TR: What was your lemonade stand moment? When did you realize you wanted to get involved with business?
JL: I have had several lemonade stand moments and I love this question. From my best recollection, here are the comments made that caused me to think entrepreneurially and who said them to me:
- It is now time for you to be a mentor, My wife, circa 2002
- You really need to be in your own business, Board member 2002
- The first time I realized that I was not happy with politics and I always felt that I could do a better job if left to my own goals and strategies, Circa 1976
- When I realized the relationship between “risk and reward” and the difference between an “expense and an investment.” Circa 1985
- When I realized I was a hard core optimist and what others may see as lemons, I saw as lemonade.
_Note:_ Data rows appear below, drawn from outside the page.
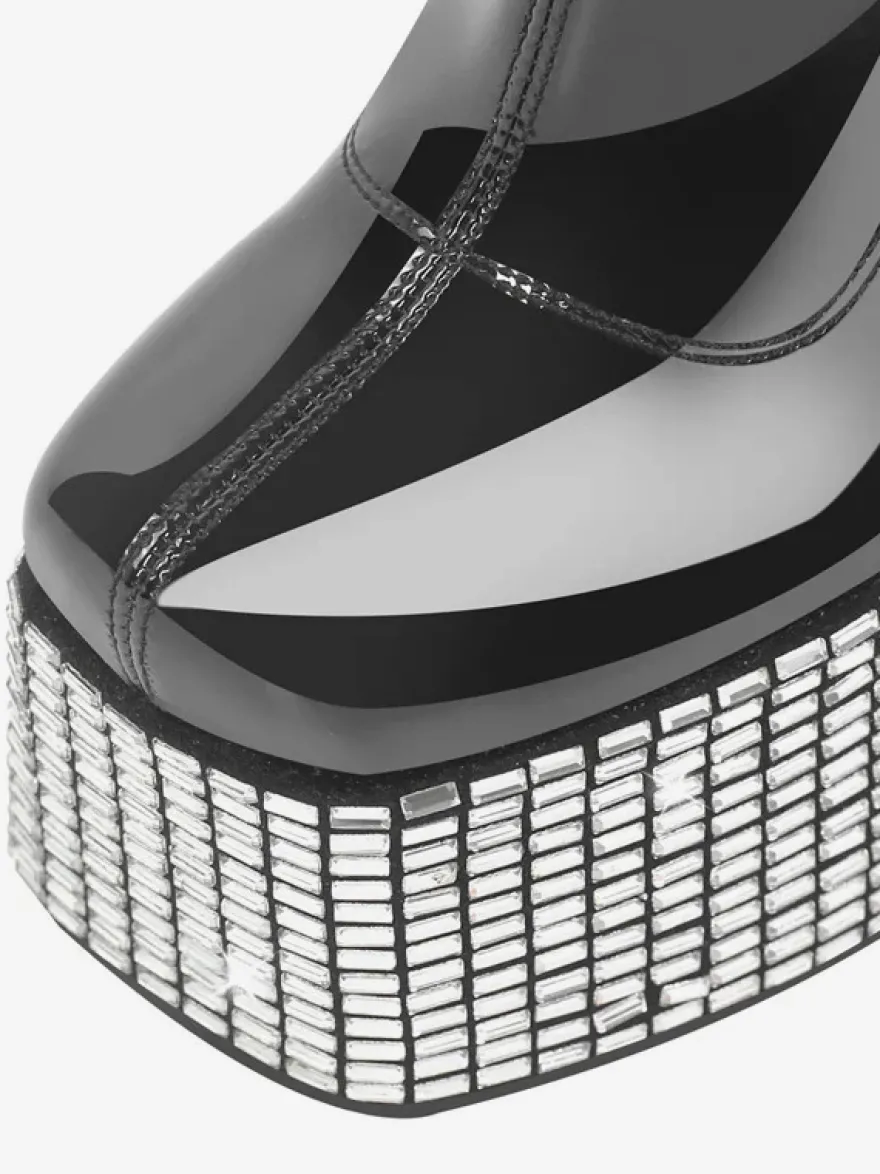 Bottines à strass noirs à plateforme bout rond bottines à talons épais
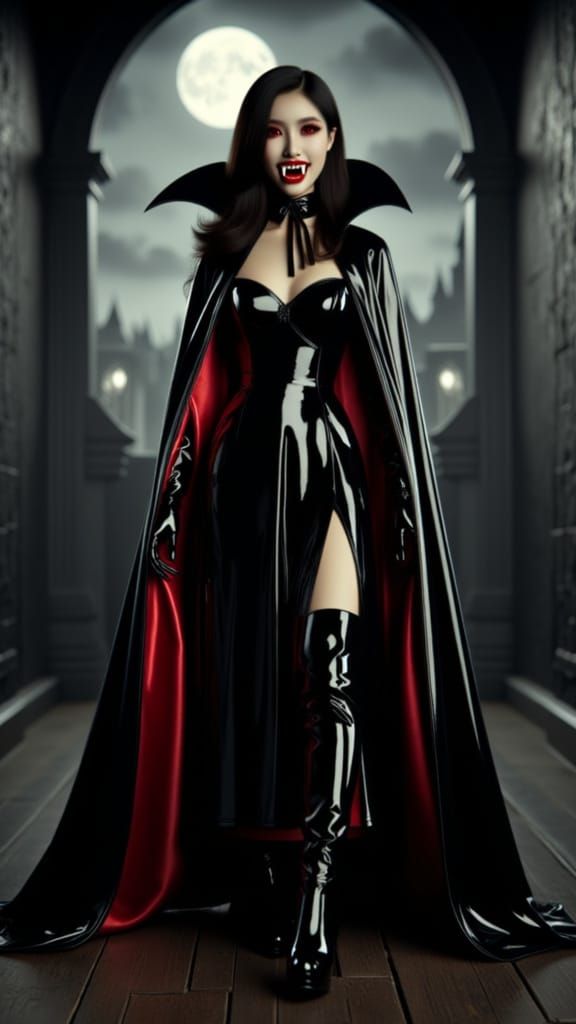 Hyperrealistic Vampire in Castle at Night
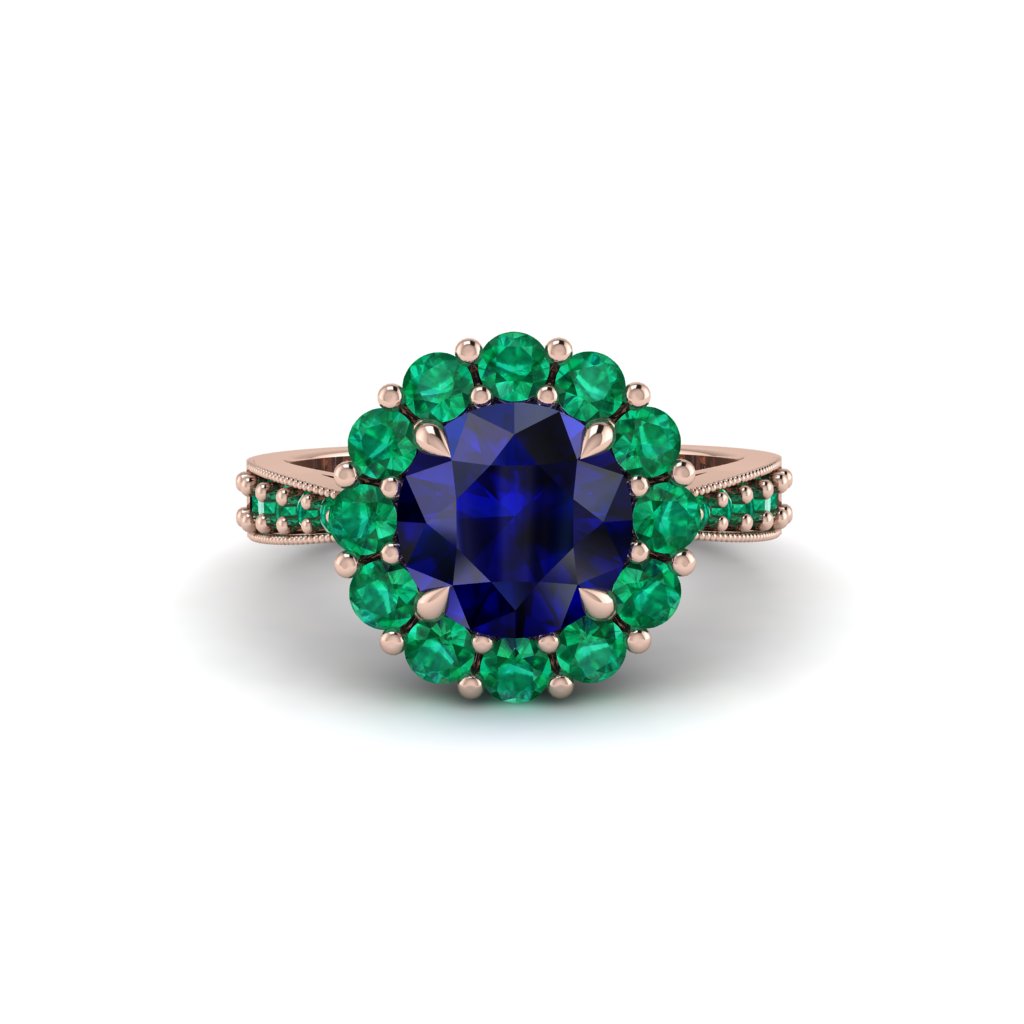 Emerald Round Halo Engagement Ring - Unity No. 29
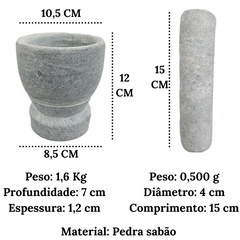 Pilão em Pedra Sabão M com Base Val Pedra Sabão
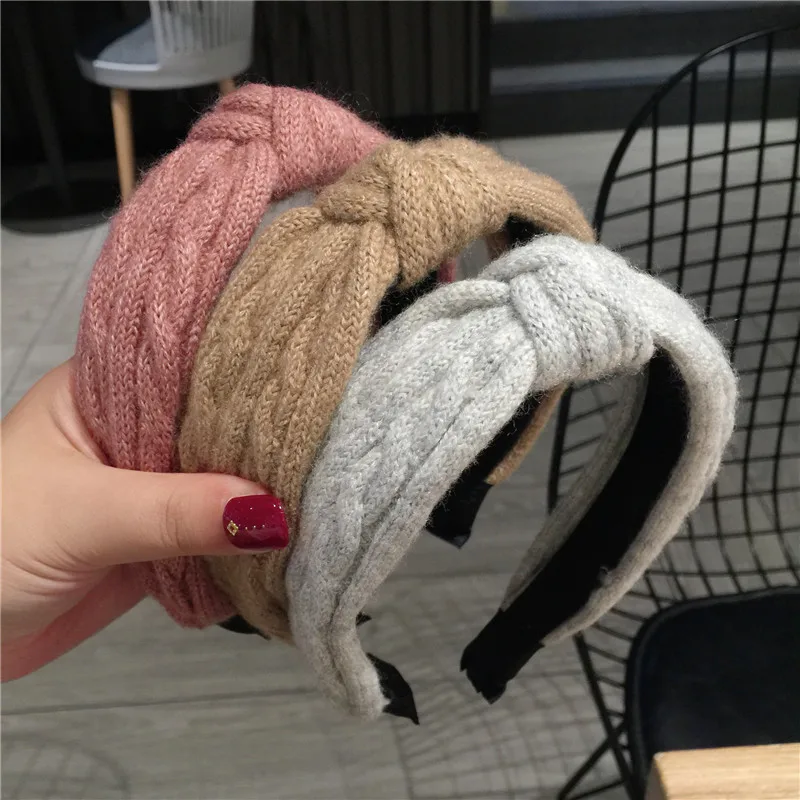 

Fashion Winter Headbands For Women Vintage Bohemian Colored Woolen Knot Headband Knotted Hairband Hair Accessories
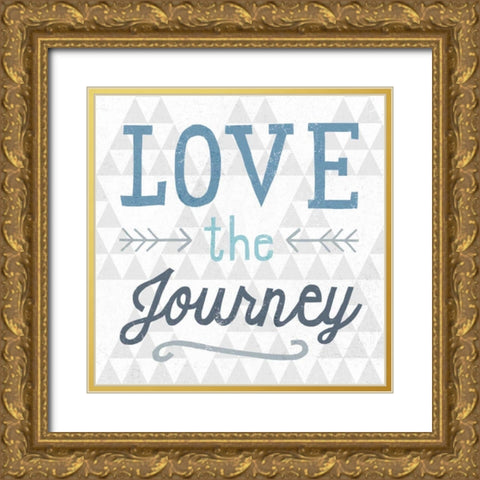 Mod Triangles Love the Journey Blue Gold Ornate Wood Framed Art Print with Double Matting by Mullan, Michael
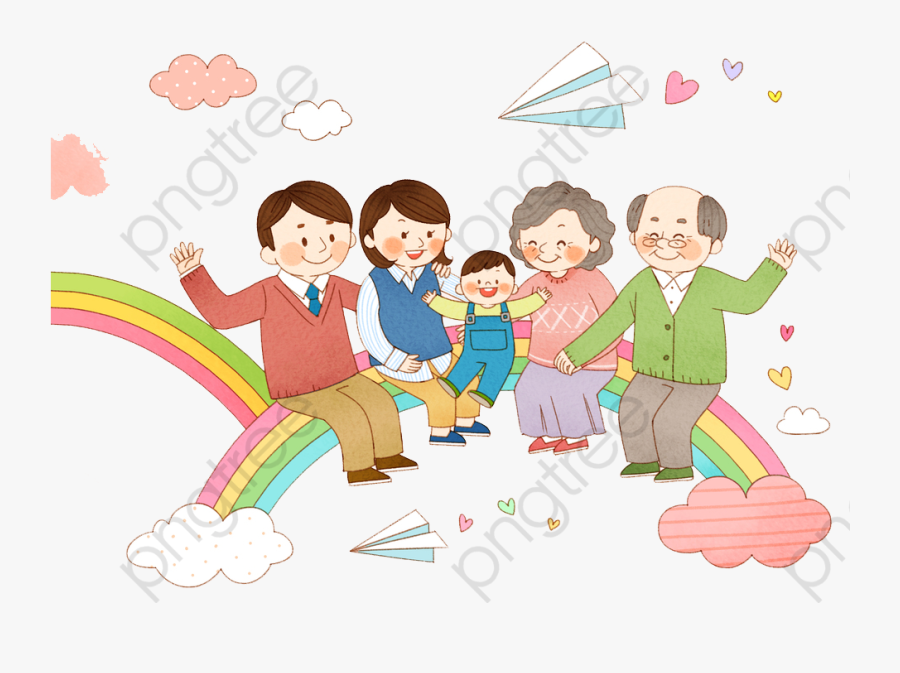 Happy Family Clipart Cartoon - Happy Family Drawing Cartoon Hand Drawing Drawings, Transparent Clipart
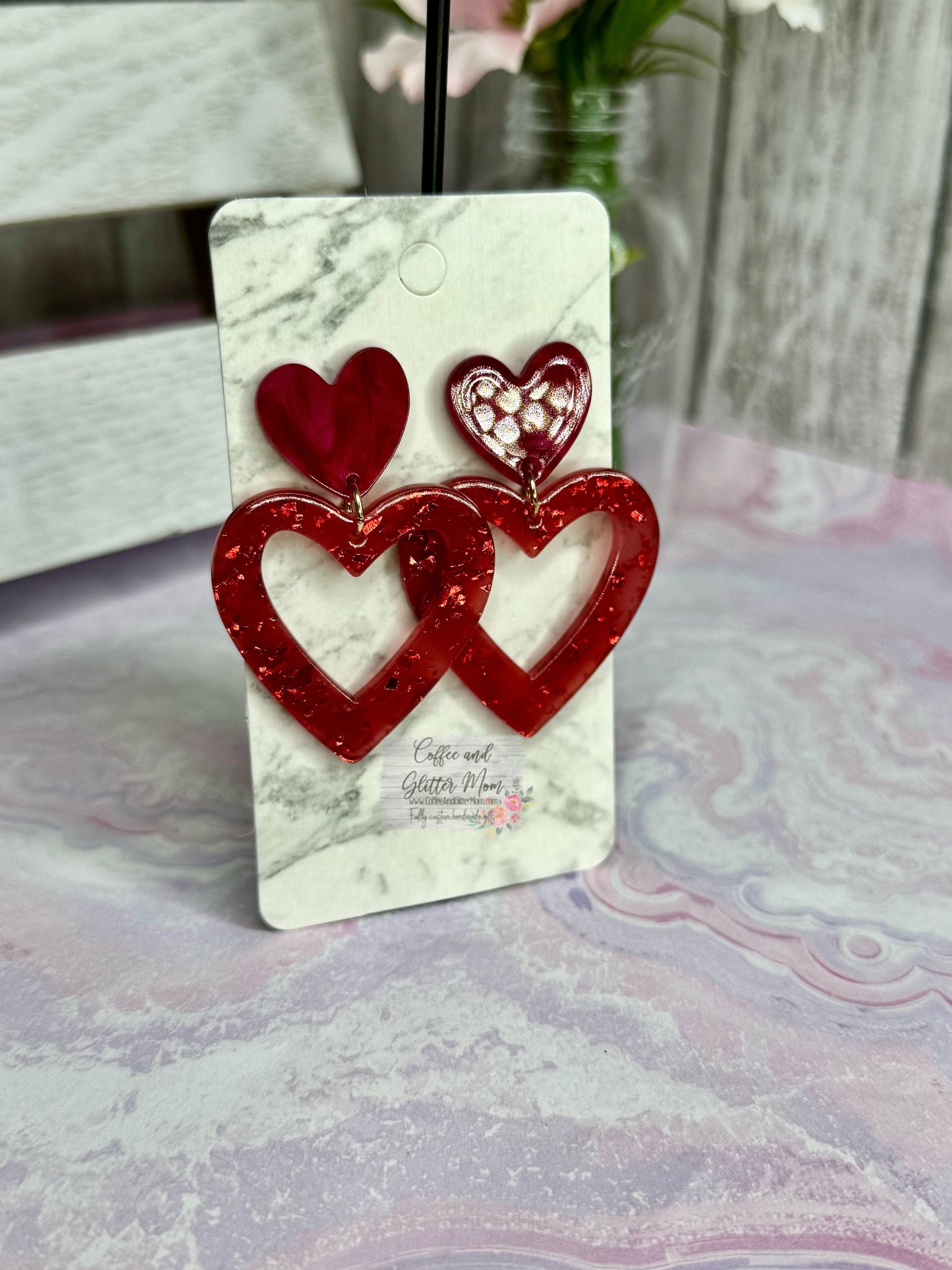 Red Foil Heart Acrylic Earrings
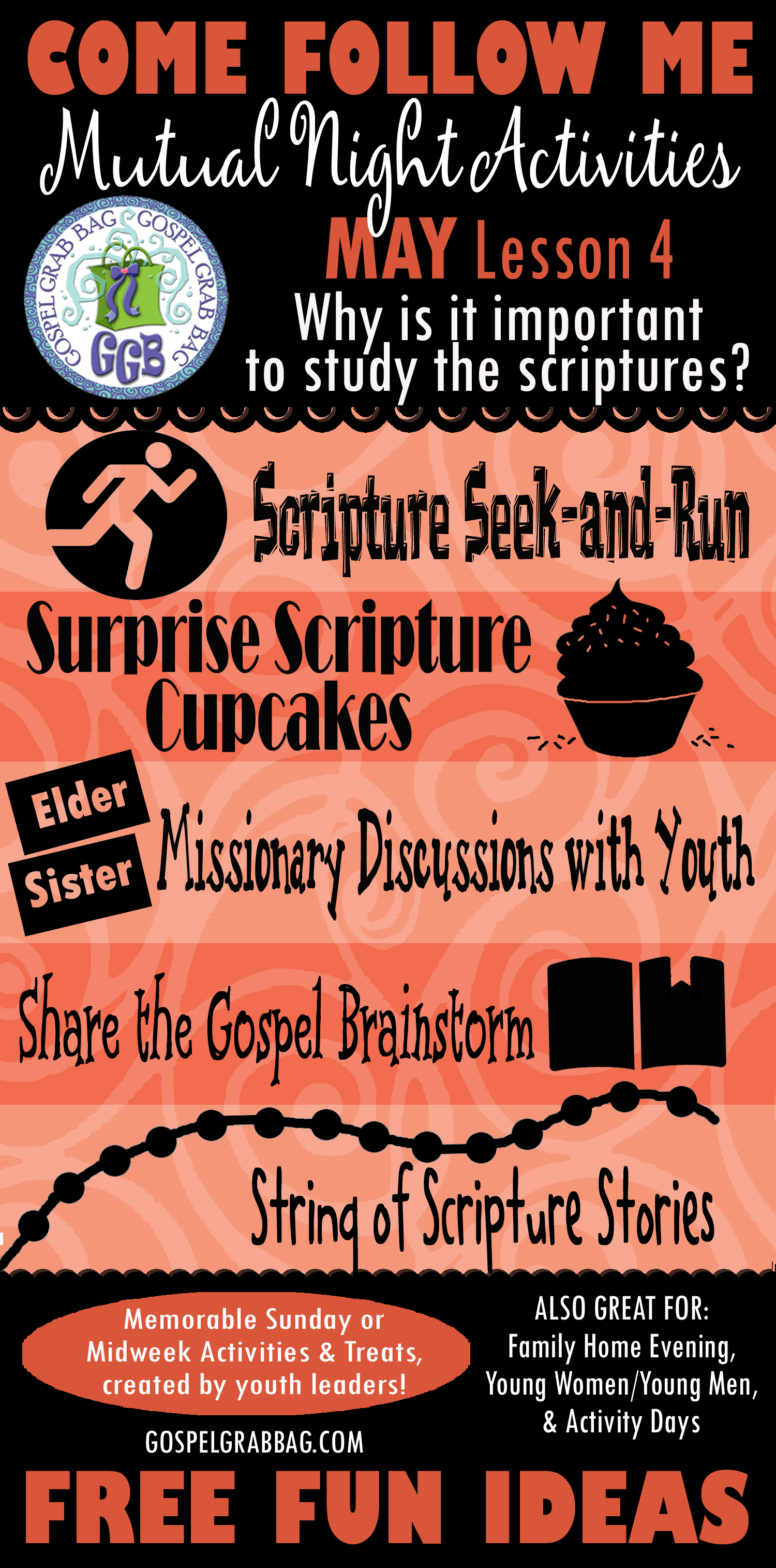 May Lesson #4 Come Follow Me Lesson Activities - Theme: "Why is it important to study the scriptures?", GospelGrabBag.com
Most of my adult life.
TR: When you hear the word entrepreneurship, what do you think of?
JL: I think of freedom to be the best I can be and the means to get the best return for my time and resources invested. It is not only economic return, but living a life that others regard as special and would admire. In my presentations I always quote this anonymous definition of entrepreneurship and believe it completely: “Entrepreneurship is living a few years of your life like most people won’t, so you can spend the rest of your life like most people can’t.” ~ Anonymous
TR: With your journey as an entrepreneur, what are the essential skills you have found crucial to know?
JL: In order of importance: Working harder than most are willing to do; strong interpersonal skills, effective forecasting and plan development, being intentional and knowing where I will get the best ROI for my time, realizing that money is a bi-product and I need to be passionate about the work and most important, knowing my limitations. Never give up if you believe in the idea.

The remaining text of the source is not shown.